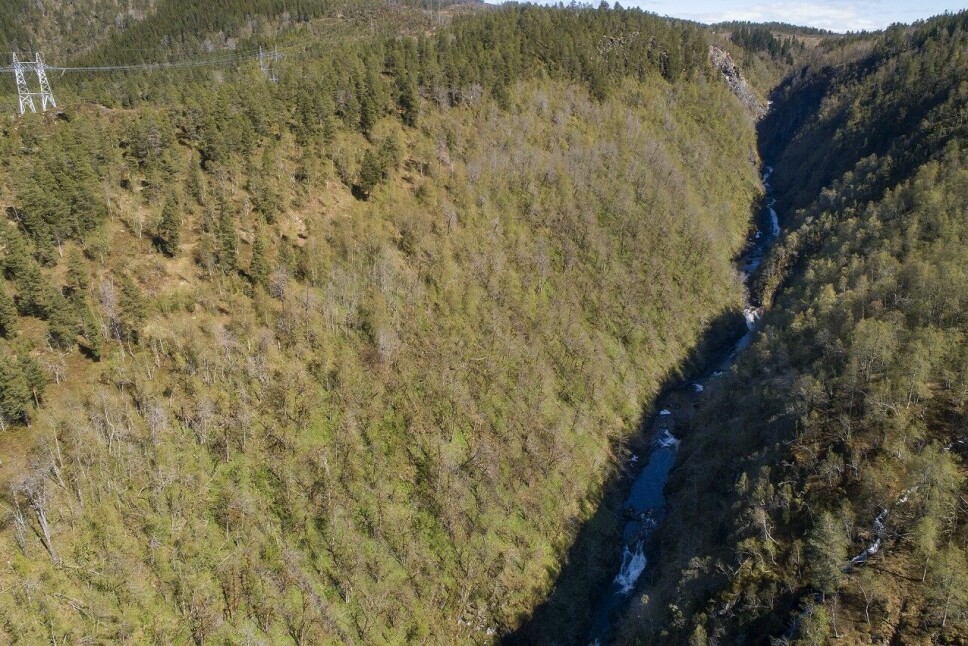 Skjoralia naturreservat er ei bratt li opp fra elva, med edellauvskog i nedre deler og gammel furuskog øverst i lia.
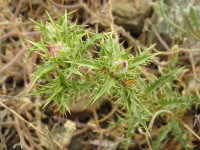 Carlina corymbosa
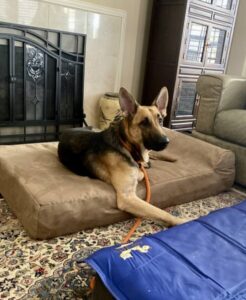 https://petstablished-app-beta.s3.amazonaws.com/uploads/image/image/2344227/IMG_1002.jpg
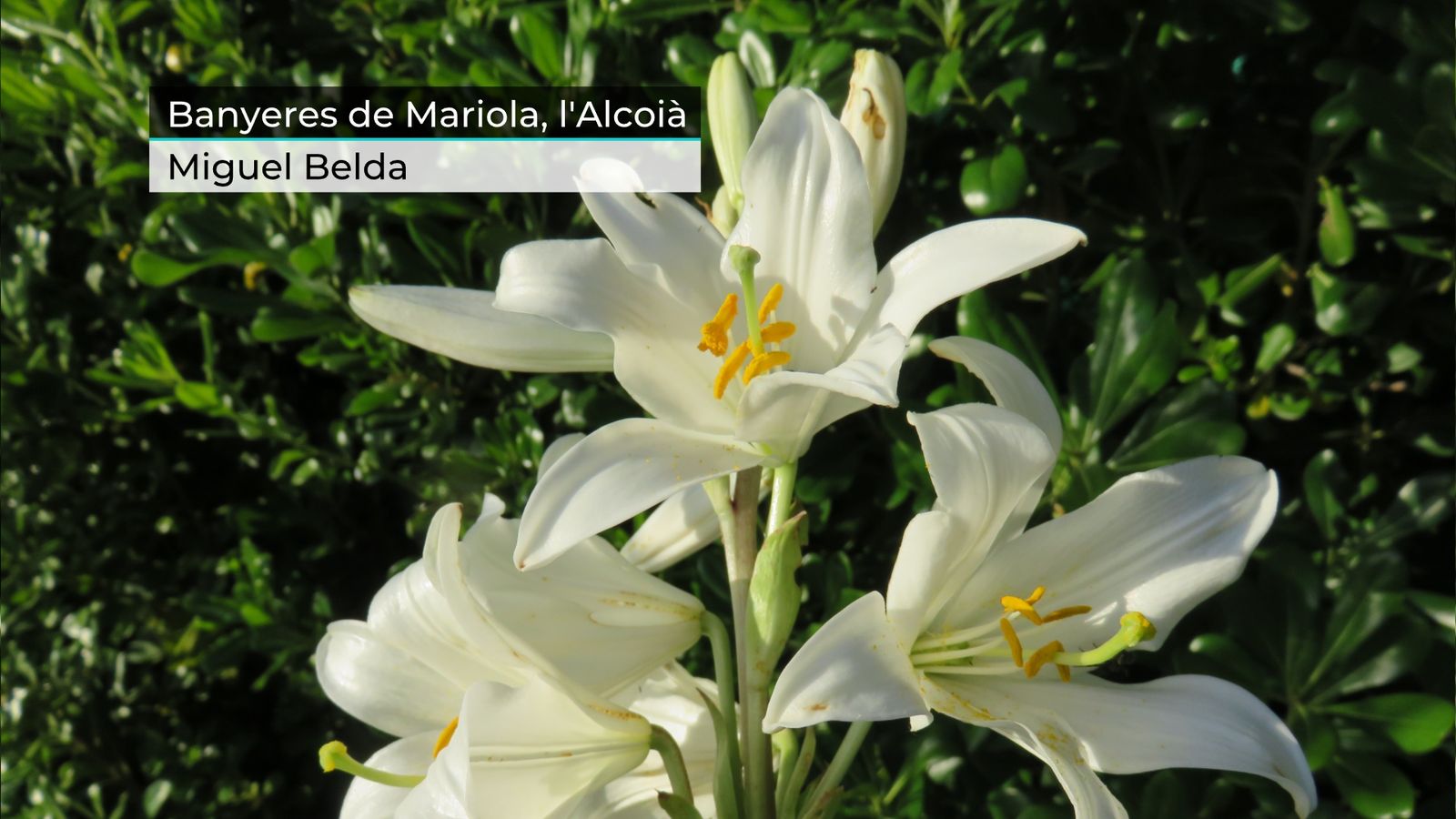 Augmenten els nivells de pol·len després de les pluges i amb l'oratge estable actual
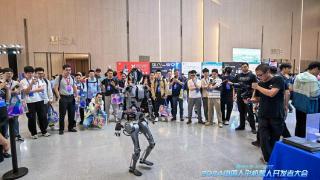从工业产线到人形智能，上海抢占机器人产业新高地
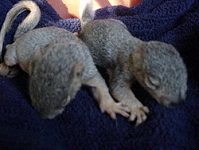 2 orphaned Squirrel Sisters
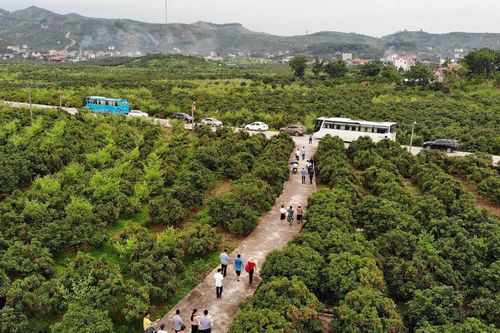 Mở đường cho bất động sản du lịch nông nghiệp
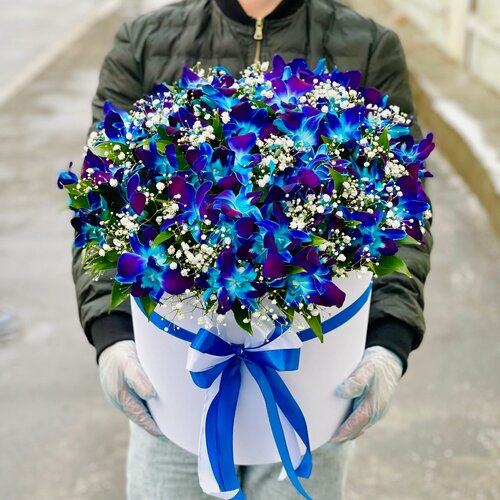 Изображение товара Большая коробка орхидей, Космические орхидеи, Цветы в коробке. Rybe-flowers.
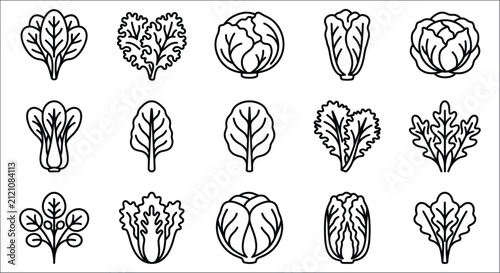 Принти на полотні Collection Of Leafy Vegetable Line Icons On White Background Various Cabbage Typ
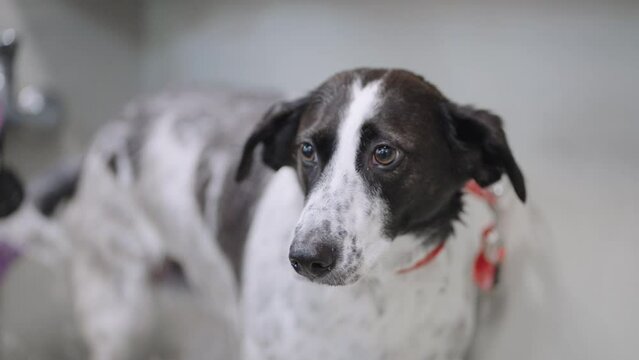 scared and sad mongrel dog in shelter, washing treatment, grooming for dogs in pet beauty salon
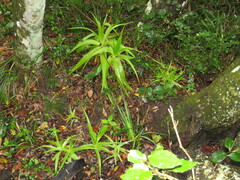 Bulbine latifolia latifolia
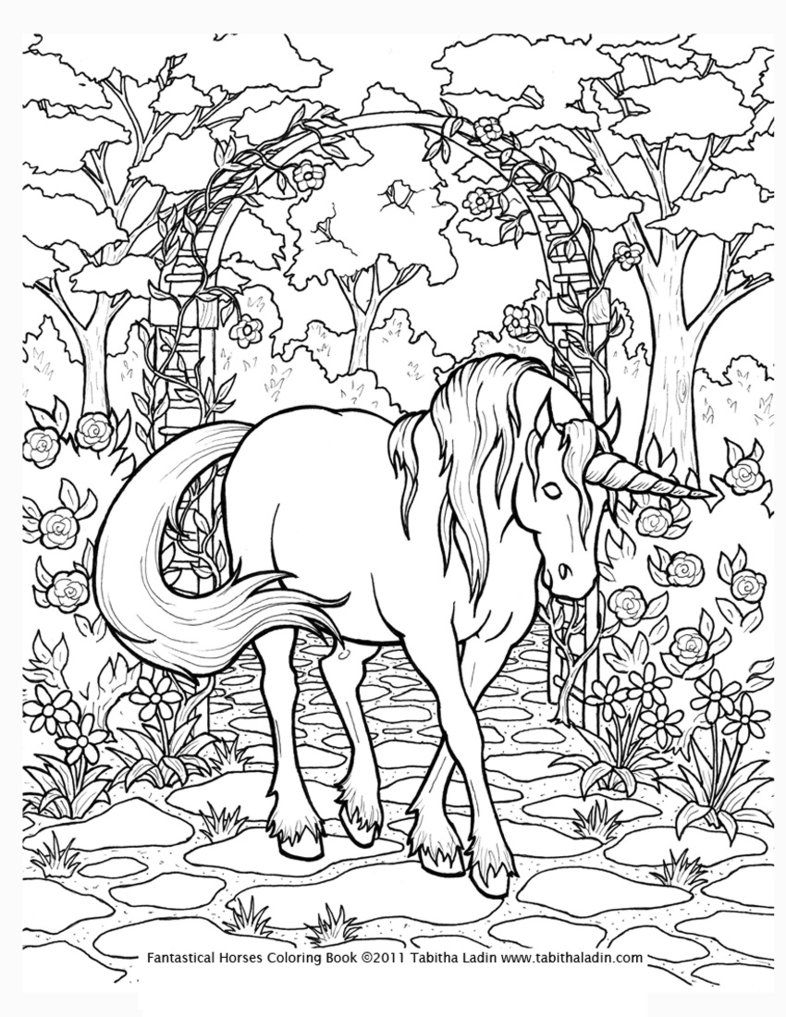 Coloring Pages For Adults Only | Unicorn Coloring Page*tablynn - Free Printable Unicorn Coloring Pages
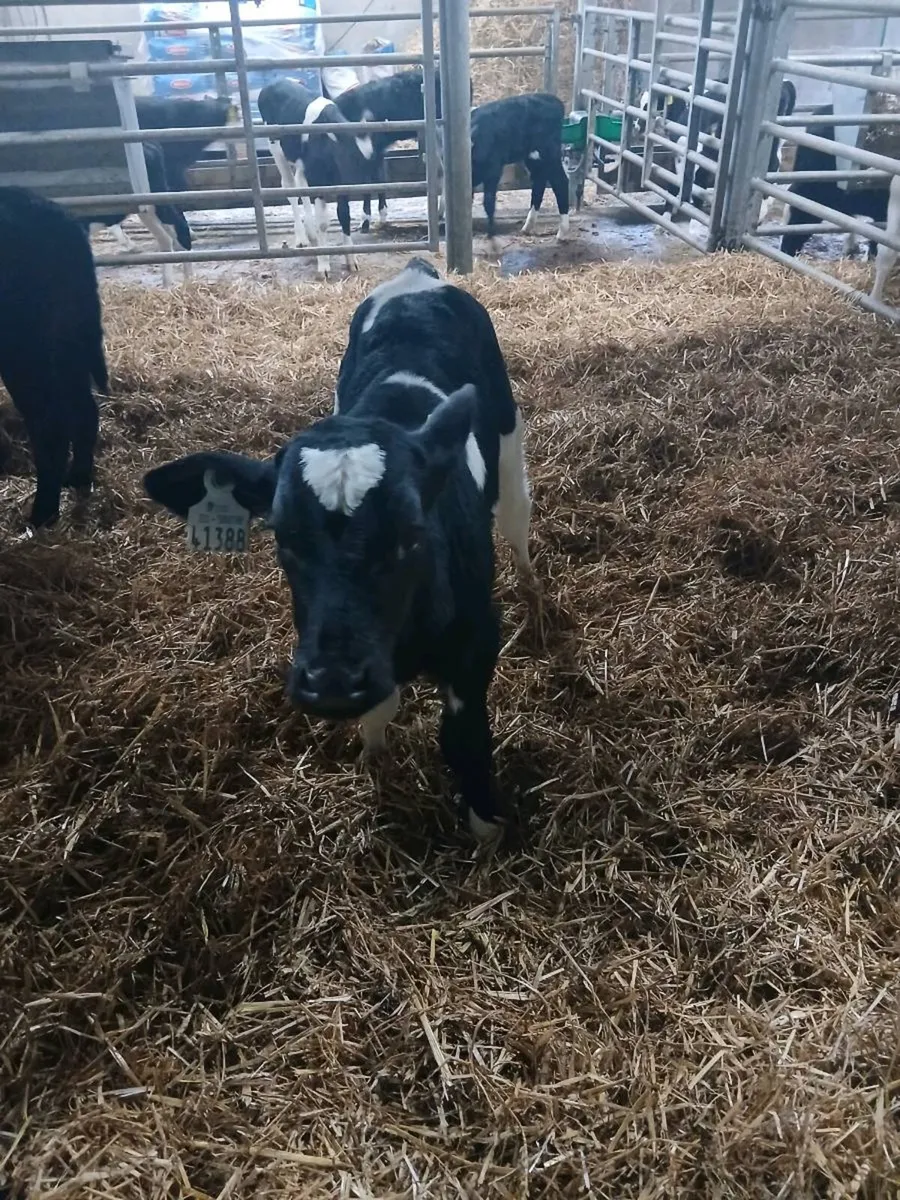 Fr bull calves - Image 2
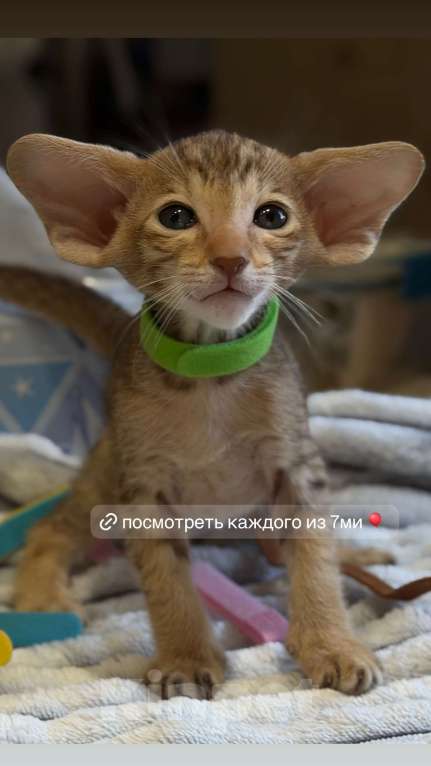 Кошки в Санкт-Петербурге: Ориентальная котенок Ася Девочка, 180 000 руб. - фото 1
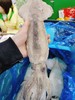 单冻鱿鱼一箱 商品缩略图1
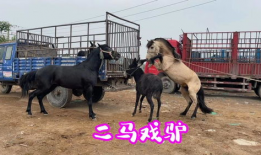 马和马交配视频,一场自然交配的温馨瞬间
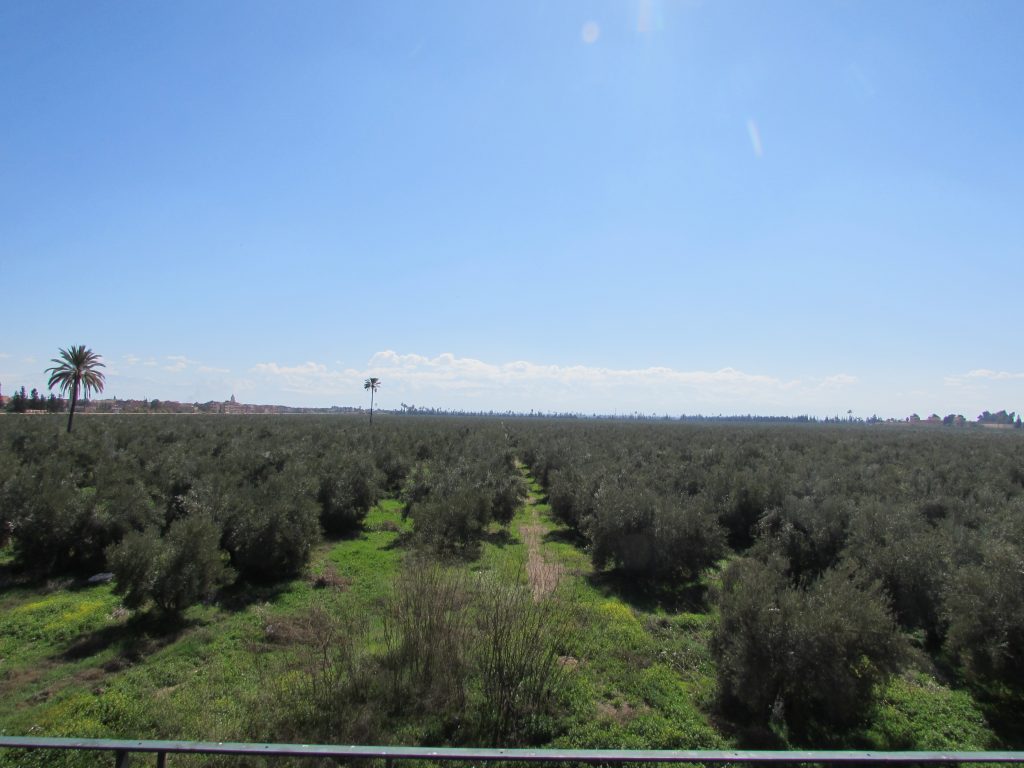 riadmarrakech1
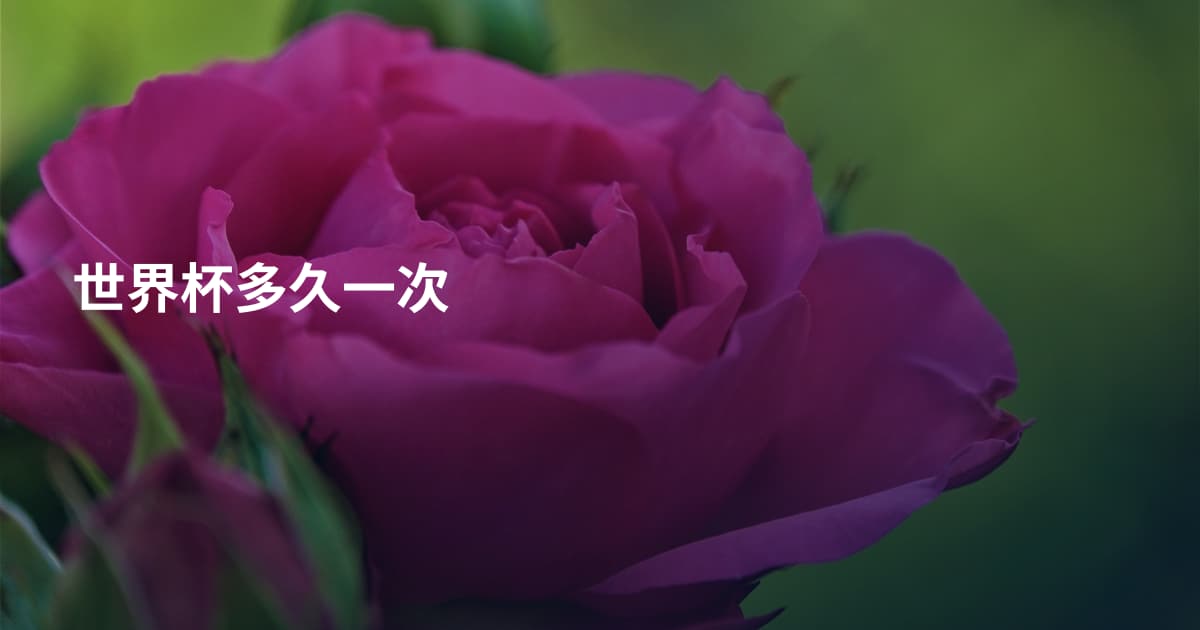 世界杯多久一次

▬▬▬

EXERCISE OBJECTIVE
Copy exactly the lines from the one containing "Bulbine latifolia latifolia" through the final line of the records above, both included, and leave out any pictures.

REPLY
 Bulbine latifolia latifolia
 Coloring Pages For Adults Only | Unicorn Coloring Page*tablynn - Free Printable Unicorn Coloring Pages
 Fr bull calves - Image 2
 Кошки в Санкт-Петербурге: Ориентальная котенок Ася Девочка, 180 000 руб. - фото 1
 单冻鱿鱼一箱 商品缩略图1
 马和马交配视频,一场自然交配的温馨瞬间
 riadmarrakech1
 世界杯多久一次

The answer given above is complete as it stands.